International Journal of Computer Applications |
Foundation of Computer Science (FCS), NY, USA |
Volume 4 - Number 11 |
Year of Publication: 2010 |
Authors: Amir Masoud Rahmani, Mir Mohsen Pedram, Mohsen Asfia |
10.5120/869-1219 |
Amir Masoud Rahmani, Mir Mohsen Pedram, Mohsen Asfia . Main Content Extraction from Detailed Web Pages. International Journal of Computer Applications. 4, 11 ( August 2010), 18-21. DOI=10.5120/869-1219
As we know internet detailed web pages contains information which are not considered as primary content such as advertisements, headers, footers, navigation links and copyright information. Also information on web pages such as comments and reviews are not preferred by search engines to index as informative content, thereby having an algorithm to extracts only main content could help better quality on web page indexing.

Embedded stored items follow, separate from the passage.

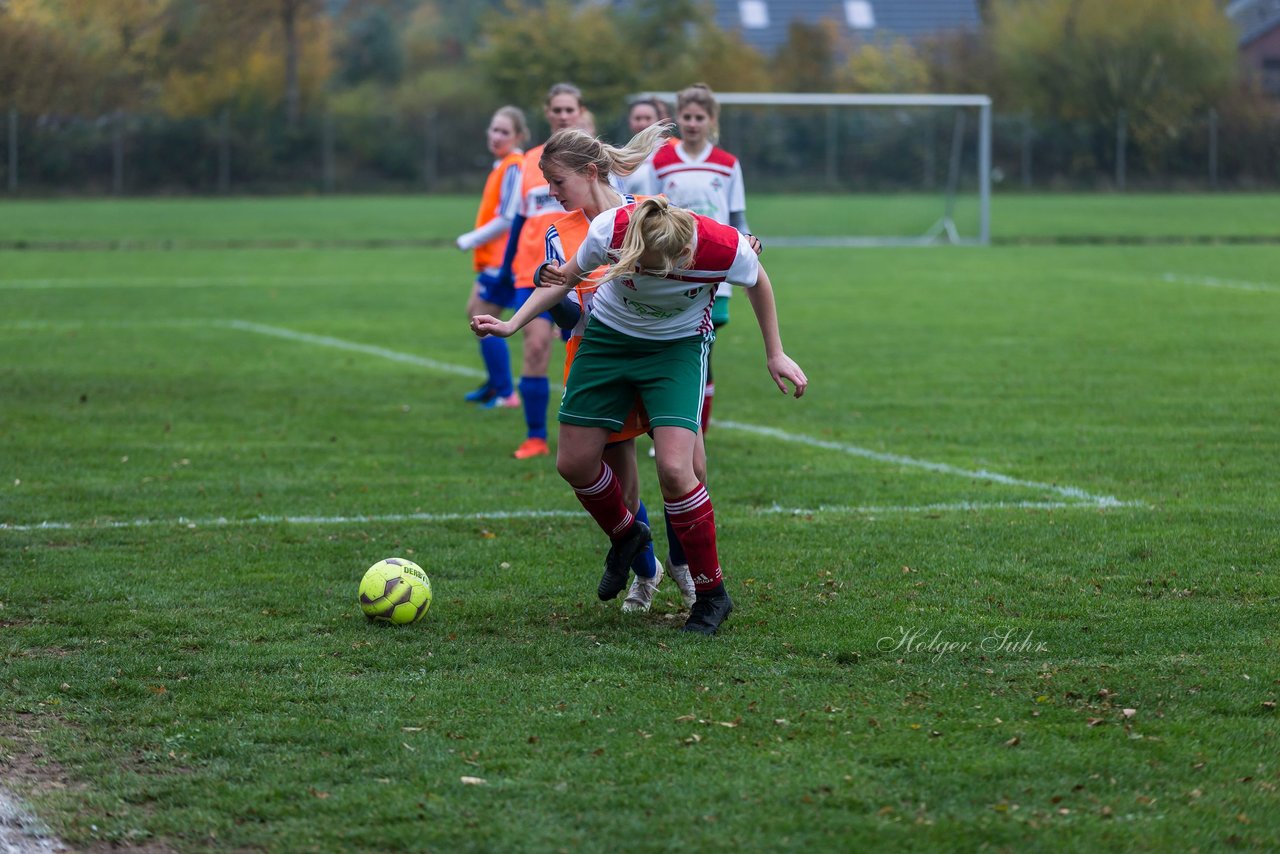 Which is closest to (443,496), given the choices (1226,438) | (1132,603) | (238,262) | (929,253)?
(1132,603)

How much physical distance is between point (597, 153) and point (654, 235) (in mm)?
671

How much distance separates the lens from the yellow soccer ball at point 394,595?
5.38 metres

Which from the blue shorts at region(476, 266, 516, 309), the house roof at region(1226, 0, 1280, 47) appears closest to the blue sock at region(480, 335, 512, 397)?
the blue shorts at region(476, 266, 516, 309)

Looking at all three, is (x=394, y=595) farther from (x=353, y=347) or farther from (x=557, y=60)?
(x=557, y=60)

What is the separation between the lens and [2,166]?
38906 millimetres

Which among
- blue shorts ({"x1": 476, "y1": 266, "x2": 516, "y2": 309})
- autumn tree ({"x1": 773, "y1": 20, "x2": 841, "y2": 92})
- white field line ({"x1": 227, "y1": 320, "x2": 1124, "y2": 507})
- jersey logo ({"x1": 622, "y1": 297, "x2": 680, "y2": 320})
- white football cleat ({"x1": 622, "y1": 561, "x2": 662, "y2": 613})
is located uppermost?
autumn tree ({"x1": 773, "y1": 20, "x2": 841, "y2": 92})

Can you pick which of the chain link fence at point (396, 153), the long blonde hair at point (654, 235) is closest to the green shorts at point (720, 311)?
the long blonde hair at point (654, 235)

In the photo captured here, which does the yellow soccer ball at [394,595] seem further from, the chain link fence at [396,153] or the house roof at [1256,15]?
the house roof at [1256,15]

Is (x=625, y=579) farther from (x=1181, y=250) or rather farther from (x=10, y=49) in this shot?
(x=10, y=49)

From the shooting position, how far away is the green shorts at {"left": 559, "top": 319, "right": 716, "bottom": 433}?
5199mm

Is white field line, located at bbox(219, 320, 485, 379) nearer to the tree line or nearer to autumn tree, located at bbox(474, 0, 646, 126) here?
the tree line

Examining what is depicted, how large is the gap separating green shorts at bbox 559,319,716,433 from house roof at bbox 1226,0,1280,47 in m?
60.3

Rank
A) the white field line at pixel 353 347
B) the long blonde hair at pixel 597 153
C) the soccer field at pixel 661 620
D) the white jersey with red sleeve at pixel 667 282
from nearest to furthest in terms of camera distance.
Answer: the soccer field at pixel 661 620, the white jersey with red sleeve at pixel 667 282, the long blonde hair at pixel 597 153, the white field line at pixel 353 347

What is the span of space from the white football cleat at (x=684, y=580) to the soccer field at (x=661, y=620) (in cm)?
20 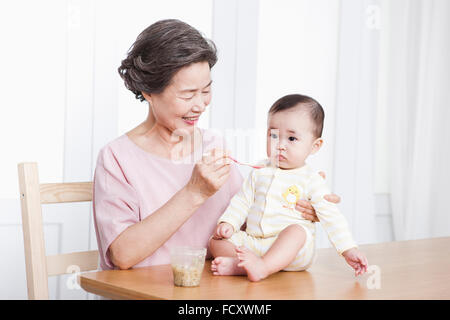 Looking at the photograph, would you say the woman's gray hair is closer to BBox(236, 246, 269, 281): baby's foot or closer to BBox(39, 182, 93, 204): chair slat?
BBox(39, 182, 93, 204): chair slat

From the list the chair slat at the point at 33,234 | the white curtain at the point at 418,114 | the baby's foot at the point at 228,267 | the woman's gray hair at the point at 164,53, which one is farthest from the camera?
the white curtain at the point at 418,114

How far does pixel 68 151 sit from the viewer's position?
2.62m

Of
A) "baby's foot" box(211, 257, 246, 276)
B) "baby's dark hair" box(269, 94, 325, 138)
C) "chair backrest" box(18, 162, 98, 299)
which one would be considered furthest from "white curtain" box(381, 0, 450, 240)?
"chair backrest" box(18, 162, 98, 299)

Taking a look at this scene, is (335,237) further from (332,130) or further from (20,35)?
(332,130)

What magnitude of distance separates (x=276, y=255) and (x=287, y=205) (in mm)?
146

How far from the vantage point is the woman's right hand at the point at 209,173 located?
145 cm

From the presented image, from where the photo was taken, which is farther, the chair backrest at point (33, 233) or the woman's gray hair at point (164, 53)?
the woman's gray hair at point (164, 53)

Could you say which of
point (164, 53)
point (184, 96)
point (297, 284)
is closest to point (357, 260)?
point (297, 284)

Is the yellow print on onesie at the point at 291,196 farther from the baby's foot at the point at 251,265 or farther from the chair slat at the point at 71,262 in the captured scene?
the chair slat at the point at 71,262

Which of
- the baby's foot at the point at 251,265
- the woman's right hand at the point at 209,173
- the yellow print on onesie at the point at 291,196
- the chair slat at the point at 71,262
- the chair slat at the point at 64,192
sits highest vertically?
the woman's right hand at the point at 209,173

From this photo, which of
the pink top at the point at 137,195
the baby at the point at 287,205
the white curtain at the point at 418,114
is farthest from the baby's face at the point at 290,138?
the white curtain at the point at 418,114

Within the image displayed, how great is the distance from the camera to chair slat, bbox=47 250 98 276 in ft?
5.24

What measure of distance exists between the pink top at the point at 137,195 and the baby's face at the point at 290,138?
347mm

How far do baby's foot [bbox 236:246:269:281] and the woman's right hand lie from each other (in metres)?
0.20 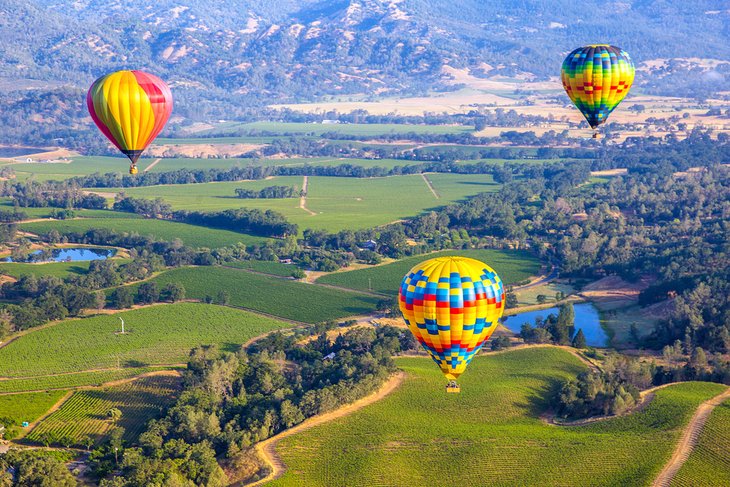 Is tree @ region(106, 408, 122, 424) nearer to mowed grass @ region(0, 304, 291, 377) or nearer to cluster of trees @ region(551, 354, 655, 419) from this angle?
mowed grass @ region(0, 304, 291, 377)

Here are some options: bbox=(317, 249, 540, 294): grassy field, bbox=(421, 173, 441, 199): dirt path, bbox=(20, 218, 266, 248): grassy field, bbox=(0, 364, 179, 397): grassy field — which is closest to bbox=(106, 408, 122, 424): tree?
bbox=(0, 364, 179, 397): grassy field

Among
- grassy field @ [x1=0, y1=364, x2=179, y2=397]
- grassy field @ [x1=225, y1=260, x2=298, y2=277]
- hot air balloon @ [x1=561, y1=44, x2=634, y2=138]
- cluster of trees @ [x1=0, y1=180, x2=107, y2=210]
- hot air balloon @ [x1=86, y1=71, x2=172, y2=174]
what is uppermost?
hot air balloon @ [x1=561, y1=44, x2=634, y2=138]

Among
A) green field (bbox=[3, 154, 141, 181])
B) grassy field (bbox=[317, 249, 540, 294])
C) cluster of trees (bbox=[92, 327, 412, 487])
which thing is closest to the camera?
cluster of trees (bbox=[92, 327, 412, 487])

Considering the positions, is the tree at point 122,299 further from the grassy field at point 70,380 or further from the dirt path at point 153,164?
the dirt path at point 153,164

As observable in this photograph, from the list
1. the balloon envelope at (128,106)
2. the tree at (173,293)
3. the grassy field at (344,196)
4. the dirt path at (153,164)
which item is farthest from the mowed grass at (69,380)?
the dirt path at (153,164)

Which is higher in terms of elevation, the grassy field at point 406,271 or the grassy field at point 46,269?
the grassy field at point 406,271

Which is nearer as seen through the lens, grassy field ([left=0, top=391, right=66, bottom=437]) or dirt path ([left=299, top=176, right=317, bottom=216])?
grassy field ([left=0, top=391, right=66, bottom=437])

Almost all algorithms have been proposed are tag dependent means they could only look for primary content among specific tags such as < TABLE > or < DIV >. The algorithm in this paper simulates a web page user visit and how the user finds the main content block position in the page. The proposed method is tag independent and has two phases to accomplish the extraction job. First it transforms input DOM tree obtained from input HTML detailed web page into a block tree based on their visual representation and DOM structure in a way that on every node it will have specification vector, then it traverses the obtained small block tree to find main block having dominant computed value in comparison with other block nodes based on its specification vector values. The introduced method doesn’t have any learning phases and could find informative content on any random input detailed web page. This method has been tested in large variety of websites and as we will show, it gains better precision and recall based on other compared method K-FE.